## Problem:
Read the lines below and count those that have the word "Coffee". Respond with the number only.

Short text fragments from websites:
════════════════════

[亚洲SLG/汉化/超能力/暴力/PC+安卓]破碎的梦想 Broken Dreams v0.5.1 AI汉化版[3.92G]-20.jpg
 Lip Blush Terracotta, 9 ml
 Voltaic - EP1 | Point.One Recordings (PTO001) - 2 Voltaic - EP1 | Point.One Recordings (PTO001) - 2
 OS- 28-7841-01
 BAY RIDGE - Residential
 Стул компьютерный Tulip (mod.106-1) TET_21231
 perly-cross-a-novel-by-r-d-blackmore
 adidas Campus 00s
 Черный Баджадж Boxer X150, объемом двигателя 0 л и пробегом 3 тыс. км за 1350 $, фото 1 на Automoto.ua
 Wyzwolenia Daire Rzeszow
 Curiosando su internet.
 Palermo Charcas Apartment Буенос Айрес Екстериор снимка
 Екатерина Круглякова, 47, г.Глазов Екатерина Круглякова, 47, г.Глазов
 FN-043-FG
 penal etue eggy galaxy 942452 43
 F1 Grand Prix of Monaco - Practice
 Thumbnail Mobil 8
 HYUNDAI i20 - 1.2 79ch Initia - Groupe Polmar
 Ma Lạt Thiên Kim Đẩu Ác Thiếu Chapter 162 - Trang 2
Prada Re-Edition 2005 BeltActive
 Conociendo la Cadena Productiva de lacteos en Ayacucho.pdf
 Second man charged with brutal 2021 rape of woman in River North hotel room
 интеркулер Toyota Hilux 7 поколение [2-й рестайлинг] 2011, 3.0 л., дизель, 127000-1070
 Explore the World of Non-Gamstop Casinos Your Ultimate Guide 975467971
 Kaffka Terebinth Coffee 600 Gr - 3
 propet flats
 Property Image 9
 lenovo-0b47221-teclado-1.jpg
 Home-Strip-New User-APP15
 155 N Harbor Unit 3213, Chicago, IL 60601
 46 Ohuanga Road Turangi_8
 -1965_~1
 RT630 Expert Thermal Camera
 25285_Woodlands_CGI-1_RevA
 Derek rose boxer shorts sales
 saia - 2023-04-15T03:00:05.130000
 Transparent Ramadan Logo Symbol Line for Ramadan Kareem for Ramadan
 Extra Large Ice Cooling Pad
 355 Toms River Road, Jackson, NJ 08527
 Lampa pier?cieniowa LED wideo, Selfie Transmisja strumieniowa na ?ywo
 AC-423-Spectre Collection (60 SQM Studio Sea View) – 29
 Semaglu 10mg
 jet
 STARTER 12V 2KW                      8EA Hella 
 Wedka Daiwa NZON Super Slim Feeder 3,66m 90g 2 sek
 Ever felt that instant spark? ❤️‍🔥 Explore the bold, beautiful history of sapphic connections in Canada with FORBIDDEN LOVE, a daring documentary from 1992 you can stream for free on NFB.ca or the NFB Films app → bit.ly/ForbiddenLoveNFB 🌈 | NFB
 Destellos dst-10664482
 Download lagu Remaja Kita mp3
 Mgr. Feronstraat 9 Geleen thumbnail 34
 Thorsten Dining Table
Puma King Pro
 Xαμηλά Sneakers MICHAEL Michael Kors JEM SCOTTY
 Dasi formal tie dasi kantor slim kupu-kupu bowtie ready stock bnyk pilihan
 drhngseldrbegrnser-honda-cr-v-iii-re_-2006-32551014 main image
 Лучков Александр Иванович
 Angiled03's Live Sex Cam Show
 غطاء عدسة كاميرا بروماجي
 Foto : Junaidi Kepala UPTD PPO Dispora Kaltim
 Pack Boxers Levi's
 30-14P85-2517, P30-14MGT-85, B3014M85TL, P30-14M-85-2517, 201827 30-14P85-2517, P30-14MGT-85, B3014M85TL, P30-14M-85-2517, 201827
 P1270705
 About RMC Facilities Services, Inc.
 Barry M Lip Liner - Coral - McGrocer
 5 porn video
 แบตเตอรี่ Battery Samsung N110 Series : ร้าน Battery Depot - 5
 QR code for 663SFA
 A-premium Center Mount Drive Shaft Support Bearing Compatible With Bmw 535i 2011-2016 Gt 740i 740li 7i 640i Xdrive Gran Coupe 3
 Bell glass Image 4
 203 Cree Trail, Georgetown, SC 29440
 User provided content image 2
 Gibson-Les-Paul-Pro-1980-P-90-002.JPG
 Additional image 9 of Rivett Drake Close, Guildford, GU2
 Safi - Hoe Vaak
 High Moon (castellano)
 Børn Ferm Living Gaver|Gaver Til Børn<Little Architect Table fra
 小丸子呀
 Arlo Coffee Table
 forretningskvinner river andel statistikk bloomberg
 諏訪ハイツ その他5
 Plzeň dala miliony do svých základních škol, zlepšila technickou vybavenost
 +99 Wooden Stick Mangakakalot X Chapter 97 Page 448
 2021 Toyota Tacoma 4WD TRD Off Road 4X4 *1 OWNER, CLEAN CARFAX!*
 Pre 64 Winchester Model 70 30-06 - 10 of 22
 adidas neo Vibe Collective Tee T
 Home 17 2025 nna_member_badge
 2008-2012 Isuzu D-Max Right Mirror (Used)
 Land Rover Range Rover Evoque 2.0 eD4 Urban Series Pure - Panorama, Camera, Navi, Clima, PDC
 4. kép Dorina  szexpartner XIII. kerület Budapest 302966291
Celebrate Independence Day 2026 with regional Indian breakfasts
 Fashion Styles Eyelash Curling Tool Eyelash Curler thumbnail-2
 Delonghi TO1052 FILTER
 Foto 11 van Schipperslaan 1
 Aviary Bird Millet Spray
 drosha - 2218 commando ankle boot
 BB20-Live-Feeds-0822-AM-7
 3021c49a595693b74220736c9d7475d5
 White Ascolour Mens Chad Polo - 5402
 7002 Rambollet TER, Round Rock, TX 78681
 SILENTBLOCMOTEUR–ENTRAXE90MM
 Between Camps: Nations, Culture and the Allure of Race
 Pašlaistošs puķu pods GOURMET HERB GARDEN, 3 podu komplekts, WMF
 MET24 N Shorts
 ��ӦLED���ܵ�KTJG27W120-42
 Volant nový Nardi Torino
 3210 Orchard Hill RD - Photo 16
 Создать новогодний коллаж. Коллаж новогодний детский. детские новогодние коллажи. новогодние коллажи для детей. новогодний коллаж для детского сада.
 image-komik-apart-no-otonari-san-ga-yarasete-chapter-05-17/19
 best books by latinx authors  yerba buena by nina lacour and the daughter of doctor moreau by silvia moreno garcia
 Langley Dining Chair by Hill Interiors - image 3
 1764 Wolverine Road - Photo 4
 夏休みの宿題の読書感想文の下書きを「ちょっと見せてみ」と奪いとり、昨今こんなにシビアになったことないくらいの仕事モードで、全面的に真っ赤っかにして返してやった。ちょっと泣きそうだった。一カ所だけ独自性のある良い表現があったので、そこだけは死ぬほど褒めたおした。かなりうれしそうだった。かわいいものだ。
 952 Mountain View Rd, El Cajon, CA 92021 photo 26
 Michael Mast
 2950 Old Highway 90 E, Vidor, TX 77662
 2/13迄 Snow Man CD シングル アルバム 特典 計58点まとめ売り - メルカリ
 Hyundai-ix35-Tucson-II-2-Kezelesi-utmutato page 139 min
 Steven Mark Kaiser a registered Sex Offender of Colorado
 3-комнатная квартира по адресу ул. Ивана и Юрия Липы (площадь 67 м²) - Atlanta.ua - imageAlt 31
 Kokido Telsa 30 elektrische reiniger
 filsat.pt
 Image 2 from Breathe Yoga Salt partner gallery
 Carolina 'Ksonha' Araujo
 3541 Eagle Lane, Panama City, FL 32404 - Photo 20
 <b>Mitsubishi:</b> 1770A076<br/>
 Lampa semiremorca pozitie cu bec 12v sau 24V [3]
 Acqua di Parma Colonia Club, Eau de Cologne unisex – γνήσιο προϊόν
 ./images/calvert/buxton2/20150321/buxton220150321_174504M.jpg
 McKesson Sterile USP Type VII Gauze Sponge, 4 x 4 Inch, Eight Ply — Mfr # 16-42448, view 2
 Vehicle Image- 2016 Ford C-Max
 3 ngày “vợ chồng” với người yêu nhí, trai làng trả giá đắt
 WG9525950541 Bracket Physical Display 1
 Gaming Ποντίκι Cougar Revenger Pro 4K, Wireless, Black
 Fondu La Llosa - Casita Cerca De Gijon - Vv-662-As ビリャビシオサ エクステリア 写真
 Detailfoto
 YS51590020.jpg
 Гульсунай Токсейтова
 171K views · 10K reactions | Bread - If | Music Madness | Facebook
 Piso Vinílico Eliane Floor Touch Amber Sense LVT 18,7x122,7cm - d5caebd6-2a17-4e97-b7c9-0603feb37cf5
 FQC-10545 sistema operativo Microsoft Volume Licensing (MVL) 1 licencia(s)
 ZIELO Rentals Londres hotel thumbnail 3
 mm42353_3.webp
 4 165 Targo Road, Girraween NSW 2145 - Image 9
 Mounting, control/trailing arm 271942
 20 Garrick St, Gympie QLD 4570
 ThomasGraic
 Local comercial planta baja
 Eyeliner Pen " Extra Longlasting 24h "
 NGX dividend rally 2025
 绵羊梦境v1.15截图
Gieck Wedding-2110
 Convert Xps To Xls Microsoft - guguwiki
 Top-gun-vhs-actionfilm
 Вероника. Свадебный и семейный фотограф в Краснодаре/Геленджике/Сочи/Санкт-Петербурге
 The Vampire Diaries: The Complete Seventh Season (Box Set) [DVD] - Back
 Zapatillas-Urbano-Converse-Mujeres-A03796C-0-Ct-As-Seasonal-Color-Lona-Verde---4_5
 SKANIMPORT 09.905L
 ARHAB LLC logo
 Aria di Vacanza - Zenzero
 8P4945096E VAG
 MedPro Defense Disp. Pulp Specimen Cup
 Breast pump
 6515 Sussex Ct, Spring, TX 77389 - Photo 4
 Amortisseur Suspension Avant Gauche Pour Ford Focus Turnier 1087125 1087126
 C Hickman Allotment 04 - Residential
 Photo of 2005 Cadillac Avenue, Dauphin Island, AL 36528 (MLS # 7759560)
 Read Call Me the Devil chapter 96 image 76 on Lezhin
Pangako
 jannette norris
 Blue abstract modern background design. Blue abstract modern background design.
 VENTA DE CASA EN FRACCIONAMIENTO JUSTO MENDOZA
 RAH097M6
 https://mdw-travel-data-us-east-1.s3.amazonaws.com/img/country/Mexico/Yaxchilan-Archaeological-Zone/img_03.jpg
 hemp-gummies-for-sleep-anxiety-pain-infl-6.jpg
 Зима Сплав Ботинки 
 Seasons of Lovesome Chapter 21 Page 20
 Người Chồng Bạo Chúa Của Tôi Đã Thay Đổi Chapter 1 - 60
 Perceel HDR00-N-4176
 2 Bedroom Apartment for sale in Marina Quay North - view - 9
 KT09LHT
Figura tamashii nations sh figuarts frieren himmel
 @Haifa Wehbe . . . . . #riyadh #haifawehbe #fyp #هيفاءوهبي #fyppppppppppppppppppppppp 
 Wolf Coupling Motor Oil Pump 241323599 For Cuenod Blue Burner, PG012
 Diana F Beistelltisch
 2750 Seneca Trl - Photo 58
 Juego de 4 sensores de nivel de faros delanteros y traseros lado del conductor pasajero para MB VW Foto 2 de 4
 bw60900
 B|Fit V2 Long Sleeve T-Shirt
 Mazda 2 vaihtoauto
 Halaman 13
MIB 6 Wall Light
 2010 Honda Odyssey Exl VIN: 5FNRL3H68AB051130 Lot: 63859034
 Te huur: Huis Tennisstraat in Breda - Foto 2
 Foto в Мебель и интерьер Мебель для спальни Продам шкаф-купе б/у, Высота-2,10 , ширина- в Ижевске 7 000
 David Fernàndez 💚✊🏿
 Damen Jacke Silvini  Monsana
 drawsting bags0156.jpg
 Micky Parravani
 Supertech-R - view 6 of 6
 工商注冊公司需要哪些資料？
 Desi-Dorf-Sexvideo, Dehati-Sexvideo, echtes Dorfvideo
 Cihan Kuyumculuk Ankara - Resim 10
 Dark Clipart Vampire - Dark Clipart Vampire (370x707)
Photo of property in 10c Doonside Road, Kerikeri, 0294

════════════════════

## Expected answer:
2